生活問題の一部は生活様式も変化し、オムツや、ウォシュレットや、人工肛門等、様々な装具の開発され、成人してからでも徐々に対応できます。しかし人として言語能力なくして、何を得られるというのでしょう。

トイレは行けるにこした事はありませんが、感覚の問題が大きく、尿意便意の間隔も個人差があり、タイミングを把握し、促すチャンスを捉えるまでが簡単に出来る人とそうでない人の差が大きいものです。神経の未発達等で、膀胱に尿が溜まった感覚や、大便をする為に腸が押し出そうとする感覚を掴めるか否かは、神経組織の発達等様々な要件が整ってからのお話しです。
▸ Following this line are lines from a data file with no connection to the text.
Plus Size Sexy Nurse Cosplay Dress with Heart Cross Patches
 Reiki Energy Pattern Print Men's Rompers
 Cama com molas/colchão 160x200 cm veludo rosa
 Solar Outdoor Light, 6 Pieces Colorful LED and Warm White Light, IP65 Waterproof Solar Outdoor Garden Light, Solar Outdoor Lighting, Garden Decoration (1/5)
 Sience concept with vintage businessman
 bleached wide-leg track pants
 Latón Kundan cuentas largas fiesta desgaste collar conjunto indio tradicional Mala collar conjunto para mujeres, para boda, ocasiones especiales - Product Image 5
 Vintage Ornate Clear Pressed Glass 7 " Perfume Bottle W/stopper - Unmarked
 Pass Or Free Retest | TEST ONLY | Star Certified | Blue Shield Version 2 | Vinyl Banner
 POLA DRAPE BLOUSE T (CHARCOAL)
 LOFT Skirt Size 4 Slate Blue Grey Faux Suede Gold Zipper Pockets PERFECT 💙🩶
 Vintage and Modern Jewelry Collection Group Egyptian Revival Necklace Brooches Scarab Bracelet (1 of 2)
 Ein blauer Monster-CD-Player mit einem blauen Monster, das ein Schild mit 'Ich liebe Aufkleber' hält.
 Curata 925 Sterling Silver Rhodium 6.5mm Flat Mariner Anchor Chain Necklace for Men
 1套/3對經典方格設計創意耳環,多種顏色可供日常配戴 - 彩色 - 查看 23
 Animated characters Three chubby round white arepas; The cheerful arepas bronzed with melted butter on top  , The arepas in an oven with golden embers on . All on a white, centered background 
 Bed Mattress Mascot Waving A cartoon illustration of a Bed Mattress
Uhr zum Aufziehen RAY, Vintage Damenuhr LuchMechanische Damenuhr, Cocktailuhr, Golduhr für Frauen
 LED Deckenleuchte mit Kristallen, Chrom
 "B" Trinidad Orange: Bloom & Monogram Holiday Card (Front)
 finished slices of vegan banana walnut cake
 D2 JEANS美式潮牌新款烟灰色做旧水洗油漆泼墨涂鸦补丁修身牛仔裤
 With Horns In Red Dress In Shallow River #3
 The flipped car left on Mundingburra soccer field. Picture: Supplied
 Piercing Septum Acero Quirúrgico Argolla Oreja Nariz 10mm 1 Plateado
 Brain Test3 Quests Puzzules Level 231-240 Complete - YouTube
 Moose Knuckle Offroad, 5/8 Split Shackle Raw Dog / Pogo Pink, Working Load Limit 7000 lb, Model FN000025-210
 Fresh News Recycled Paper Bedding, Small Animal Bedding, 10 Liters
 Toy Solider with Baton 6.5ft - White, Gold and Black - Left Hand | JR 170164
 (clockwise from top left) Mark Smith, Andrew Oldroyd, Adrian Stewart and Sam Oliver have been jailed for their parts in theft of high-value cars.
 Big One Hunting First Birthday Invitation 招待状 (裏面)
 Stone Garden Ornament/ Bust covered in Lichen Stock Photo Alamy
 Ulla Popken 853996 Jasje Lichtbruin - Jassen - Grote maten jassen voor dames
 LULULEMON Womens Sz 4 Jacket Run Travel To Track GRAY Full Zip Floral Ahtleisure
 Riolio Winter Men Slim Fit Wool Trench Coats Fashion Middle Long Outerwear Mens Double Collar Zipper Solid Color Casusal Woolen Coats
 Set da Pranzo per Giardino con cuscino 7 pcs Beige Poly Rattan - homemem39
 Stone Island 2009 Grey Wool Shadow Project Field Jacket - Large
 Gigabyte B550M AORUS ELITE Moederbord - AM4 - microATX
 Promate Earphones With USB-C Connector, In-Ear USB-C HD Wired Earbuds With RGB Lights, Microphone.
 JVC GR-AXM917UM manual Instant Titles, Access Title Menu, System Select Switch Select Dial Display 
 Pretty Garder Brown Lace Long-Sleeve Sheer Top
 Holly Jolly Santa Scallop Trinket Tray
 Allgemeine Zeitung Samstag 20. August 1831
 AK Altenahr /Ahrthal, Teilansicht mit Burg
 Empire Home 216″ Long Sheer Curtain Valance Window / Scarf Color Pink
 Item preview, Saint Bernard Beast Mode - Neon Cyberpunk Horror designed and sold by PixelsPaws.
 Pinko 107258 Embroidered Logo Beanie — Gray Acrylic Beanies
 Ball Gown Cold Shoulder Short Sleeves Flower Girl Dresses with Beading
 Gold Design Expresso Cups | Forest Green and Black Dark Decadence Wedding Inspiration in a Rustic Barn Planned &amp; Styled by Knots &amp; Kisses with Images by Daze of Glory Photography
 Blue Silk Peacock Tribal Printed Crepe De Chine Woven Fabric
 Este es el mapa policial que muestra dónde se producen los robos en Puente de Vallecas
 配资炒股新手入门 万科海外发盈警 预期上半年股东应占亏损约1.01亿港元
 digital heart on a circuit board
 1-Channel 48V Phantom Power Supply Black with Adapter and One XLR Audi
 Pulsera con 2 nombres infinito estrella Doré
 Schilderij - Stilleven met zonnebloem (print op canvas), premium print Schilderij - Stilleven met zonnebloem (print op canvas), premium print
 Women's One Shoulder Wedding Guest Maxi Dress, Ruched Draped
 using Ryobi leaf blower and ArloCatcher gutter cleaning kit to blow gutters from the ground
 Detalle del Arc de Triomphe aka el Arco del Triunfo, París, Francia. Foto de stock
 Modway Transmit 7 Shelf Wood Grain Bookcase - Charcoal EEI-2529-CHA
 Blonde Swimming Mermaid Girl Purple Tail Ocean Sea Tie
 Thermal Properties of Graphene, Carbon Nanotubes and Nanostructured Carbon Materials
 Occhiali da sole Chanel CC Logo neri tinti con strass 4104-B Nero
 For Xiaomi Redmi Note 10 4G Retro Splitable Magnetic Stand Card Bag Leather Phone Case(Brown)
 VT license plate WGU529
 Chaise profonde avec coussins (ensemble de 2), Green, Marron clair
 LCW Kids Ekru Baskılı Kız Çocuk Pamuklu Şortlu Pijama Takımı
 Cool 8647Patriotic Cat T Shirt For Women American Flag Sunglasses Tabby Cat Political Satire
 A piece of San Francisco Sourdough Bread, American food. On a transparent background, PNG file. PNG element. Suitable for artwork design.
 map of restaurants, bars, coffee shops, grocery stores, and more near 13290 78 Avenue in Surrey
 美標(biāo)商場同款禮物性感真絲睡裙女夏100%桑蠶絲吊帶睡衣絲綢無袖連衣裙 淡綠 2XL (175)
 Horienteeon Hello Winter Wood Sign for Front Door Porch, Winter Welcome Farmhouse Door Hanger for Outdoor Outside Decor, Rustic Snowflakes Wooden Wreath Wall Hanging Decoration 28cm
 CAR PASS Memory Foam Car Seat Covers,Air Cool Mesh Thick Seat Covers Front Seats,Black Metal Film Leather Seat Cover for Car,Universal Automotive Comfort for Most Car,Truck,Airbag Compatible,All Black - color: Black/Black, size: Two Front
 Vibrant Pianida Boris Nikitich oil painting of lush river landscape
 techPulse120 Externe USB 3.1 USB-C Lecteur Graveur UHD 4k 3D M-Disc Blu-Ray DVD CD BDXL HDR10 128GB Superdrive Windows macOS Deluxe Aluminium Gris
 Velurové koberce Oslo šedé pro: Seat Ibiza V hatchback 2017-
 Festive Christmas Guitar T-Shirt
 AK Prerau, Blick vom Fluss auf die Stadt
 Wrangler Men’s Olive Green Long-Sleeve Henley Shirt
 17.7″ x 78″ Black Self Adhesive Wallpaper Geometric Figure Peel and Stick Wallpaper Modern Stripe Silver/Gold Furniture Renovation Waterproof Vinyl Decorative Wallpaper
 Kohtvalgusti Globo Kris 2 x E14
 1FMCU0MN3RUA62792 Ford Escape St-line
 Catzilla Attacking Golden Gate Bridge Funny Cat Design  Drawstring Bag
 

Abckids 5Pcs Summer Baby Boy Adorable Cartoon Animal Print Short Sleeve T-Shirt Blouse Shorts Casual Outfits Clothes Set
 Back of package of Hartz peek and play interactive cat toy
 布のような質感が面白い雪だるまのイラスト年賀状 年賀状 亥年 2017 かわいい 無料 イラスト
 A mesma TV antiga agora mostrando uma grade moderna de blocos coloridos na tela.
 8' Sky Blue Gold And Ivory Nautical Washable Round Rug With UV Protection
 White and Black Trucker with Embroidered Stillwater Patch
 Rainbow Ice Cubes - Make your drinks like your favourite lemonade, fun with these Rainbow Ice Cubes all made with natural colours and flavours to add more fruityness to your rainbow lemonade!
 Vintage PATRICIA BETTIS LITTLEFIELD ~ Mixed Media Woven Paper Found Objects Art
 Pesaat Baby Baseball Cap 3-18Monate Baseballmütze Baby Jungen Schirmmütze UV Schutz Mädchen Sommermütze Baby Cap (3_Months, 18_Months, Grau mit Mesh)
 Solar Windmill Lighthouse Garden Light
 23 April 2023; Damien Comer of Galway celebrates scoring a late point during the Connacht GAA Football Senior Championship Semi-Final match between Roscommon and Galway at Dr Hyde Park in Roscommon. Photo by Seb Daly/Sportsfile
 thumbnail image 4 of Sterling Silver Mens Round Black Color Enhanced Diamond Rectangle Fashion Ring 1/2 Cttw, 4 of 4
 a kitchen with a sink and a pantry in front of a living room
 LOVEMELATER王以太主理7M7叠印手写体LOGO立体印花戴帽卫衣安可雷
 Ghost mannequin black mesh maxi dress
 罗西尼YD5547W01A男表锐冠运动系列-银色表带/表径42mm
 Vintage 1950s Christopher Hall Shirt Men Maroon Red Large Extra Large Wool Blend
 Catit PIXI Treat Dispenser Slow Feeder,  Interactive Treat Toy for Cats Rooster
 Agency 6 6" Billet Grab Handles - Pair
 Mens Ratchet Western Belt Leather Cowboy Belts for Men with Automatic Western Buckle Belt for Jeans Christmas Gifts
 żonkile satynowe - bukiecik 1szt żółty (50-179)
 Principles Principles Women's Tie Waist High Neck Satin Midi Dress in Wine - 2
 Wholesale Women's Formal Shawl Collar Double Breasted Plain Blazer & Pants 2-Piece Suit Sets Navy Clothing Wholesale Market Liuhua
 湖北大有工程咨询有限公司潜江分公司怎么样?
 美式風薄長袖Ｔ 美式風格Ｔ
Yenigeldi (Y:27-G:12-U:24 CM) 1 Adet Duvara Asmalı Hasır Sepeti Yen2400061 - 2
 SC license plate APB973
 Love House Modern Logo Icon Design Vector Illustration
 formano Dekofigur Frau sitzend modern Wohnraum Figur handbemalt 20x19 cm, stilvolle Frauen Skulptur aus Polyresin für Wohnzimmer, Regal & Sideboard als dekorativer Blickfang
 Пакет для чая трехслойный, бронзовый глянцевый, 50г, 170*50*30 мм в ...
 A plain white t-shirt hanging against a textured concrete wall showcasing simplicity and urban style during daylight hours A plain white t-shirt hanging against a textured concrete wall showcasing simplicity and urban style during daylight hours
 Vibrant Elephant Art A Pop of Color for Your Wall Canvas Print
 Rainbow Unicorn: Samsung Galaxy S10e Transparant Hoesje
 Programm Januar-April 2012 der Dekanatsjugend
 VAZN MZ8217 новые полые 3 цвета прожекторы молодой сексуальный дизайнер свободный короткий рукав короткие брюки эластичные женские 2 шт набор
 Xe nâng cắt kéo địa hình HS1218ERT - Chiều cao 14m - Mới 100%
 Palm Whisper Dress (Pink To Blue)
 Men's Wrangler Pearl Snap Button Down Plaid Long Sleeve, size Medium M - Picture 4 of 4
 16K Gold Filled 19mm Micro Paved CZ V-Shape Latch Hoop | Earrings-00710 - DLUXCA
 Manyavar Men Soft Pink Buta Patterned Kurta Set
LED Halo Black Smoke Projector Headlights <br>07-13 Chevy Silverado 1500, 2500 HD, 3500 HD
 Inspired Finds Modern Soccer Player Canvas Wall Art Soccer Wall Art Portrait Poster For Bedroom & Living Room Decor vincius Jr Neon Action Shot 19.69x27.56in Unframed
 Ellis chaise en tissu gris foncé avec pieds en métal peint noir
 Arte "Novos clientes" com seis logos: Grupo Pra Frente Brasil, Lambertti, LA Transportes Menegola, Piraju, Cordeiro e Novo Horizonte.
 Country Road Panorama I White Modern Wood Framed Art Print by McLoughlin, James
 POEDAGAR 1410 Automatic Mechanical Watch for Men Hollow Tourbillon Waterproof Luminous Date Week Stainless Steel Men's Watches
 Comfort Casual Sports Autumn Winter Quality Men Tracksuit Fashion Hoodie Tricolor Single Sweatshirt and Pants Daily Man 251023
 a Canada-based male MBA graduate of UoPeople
無呼吸等で生まれ、大便をするという感覚が理解できるまで、かなりの時間を要したお友達もおりましたが、今では立派な中学生です。神経の発達や伝達問題に関しては、「根性で克服できる事ではない」と考えます。成長と共に獲得する事も山とあると考えます。時間が解決する内容だってあるのです。また旬を逃がすと獲得出来ない事も沢山あるのです。

人間として、人として生きて行くその根源は意志疎通だと思います。意志疎通の根幹は言語習得であり、言語習得なくしては、コミュニケーションの発達も、感情の発達も、人間性の獲得も得られません。

平仮名を理解して何が悪いのか、平仮名が読めて何が悪いとおっしゃるのか全くもって理解できません。沢山の本が読め、知識を吸収できる根源です。トイレに行けなくても立派に社会活動している人材は山ほどおります。言葉の意味を知り、相手がどう感じるかを理解し、相手を思いばかる心が養えるのは言語習得であり、トイレの問題や、食事の問題ではないと考えます。

文字が書ける、手紙が書ける、日記が書ける、自己表現出来る事ほど素晴らしい事はないのです。今しか得られない、今だから柔軟な脳の成長に従って獲得出来る因子が育っているのを根拠なく否定するのは、その子の人間としての尊厳にすらかかわる問題であると考えます。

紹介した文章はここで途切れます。